How can I generate a random number within the smart contract without external oracles. Maybe based on the block number or is there any other element that can be used for that?

2 Answers 2


There are some approaches on GitHub, this one looks promising and seems, as you have suggested, to rely on the block timestamp to generate random numbers:


The contract itself is rather simple (although I cannot estimate how expensive its execution is):

pragma solidity ^0.4.4;

contract Random {
  uint64 _seed = 0;

  // return a pseudo random number between lower and upper bounds
  // given the number of previous blocks it should hash.
  function random(uint64 upper) public returns (uint64 randomNumber) {
    _seed = uint64(sha3(sha3(block.blockhash(block.number), _seed), now));
    return _seed % upper;
  • This appears to be the block hash, which isn't ideal but it's better than the block timestamp, which can be manipulated by the miner at no cost. Commented Dec 6, 2017 at 11:38
  • I think it is not just the block hash. They are also having a call to now, which should be the same as block.timestamp.
    – user11075
    Commented Dec 6, 2017 at 12:13
  • Sorry, yes, you're right, I missed that. This is a bad idea, they'd be safer with just the block hash. Commented Dec 6, 2017 at 12:42
  • 1
    I agree with you, and in a way also the maintainers of the Repo agree: "Firstly, the block timestamp is not terribly unpredictable and yet it's one of the strongest sources of entropy available in the blockchain along with contract's internal seed [..] If security is a main focus, it may be best to look into purchasing an oracle solution"
    – user11075
    Commented Dec 6, 2017 at 12:49
  • block.blockhash(block.number) always returns 0x0 so it doesn't add any randomness. blog.positive.com/… Commented Feb 21, 2018 at 15:41

You probably shouldn't do this

By default, just don't.

Why you shouldn't

Using on-chain data (eg. the block number) as entropy to generate a random number gives an advantage to miners.

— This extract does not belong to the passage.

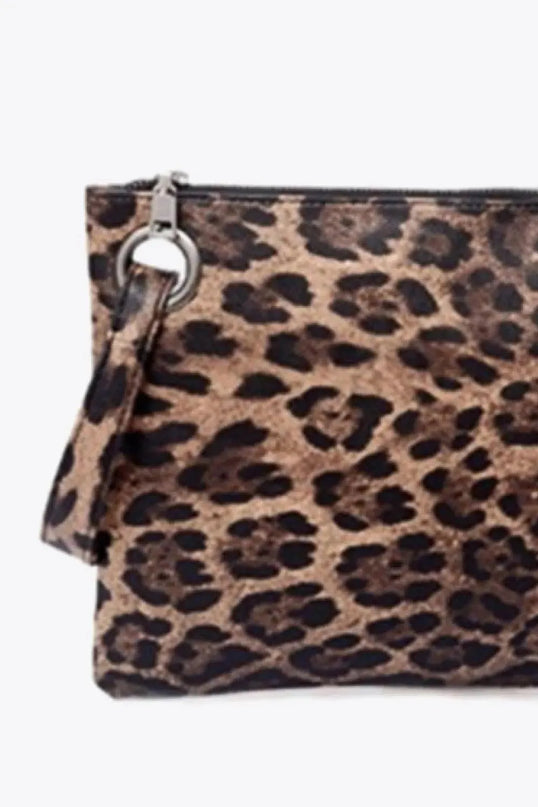 Cartera de piel sintética con diseño de leopardo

For example, a miner can decide to not integrate a transaction to its next wanna-be block, because the outcome is not in its favor. The transaction will be integrated later in another block, thus leading to a second chance for the miner.

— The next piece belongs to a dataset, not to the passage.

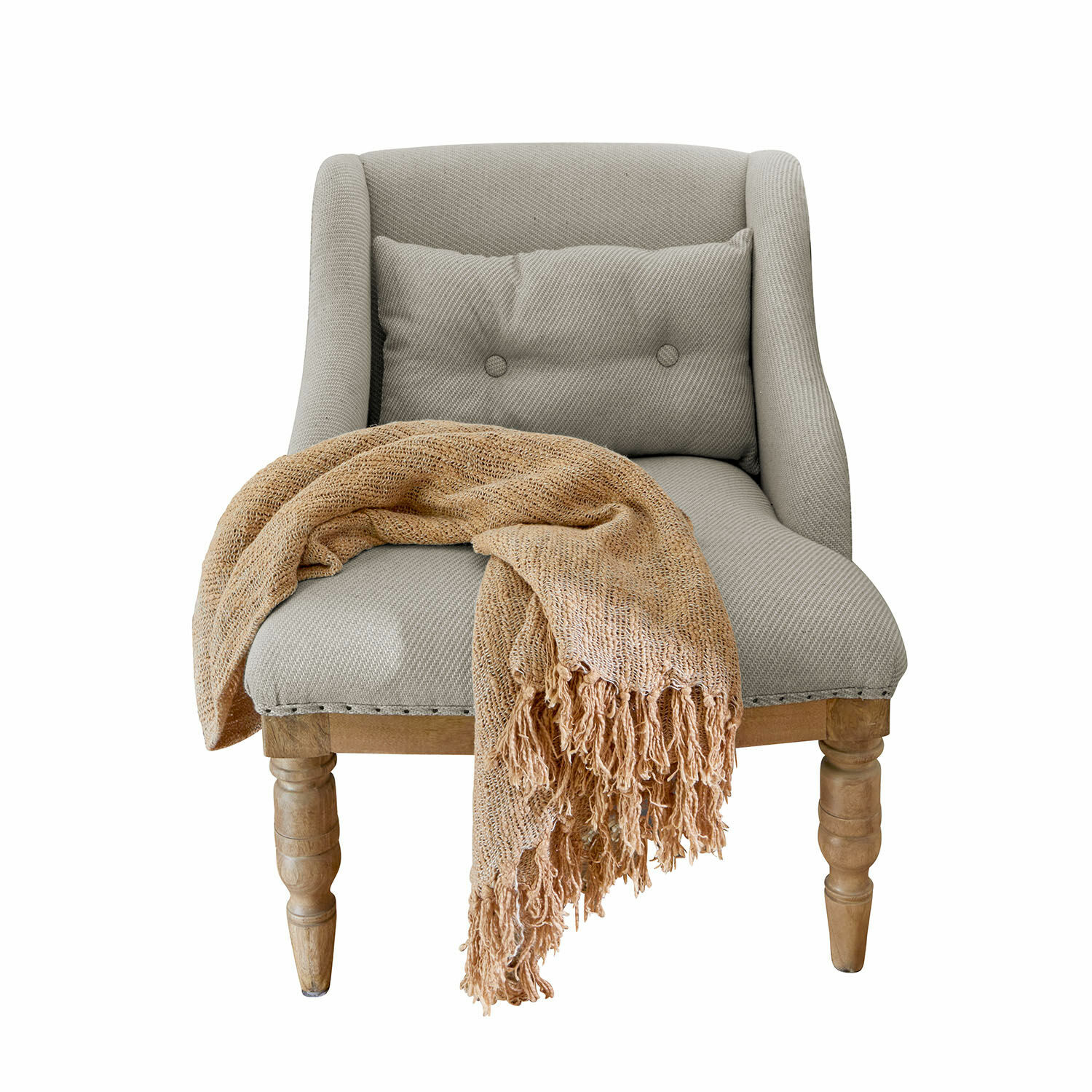 Sillón gris de tela con patas de madera y manta beige suave sobre el asiento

There are other examples of how such procedure can be broken.

When it might be okay

To quote this answer:

As a general rule, BLOCKHASH can only be safely used for a random number if the total amount of value resting on the quality of that randomness is lower than what a miner earns by mining a single block.

In other words, random number generation without external calls can only be used for low stake applications.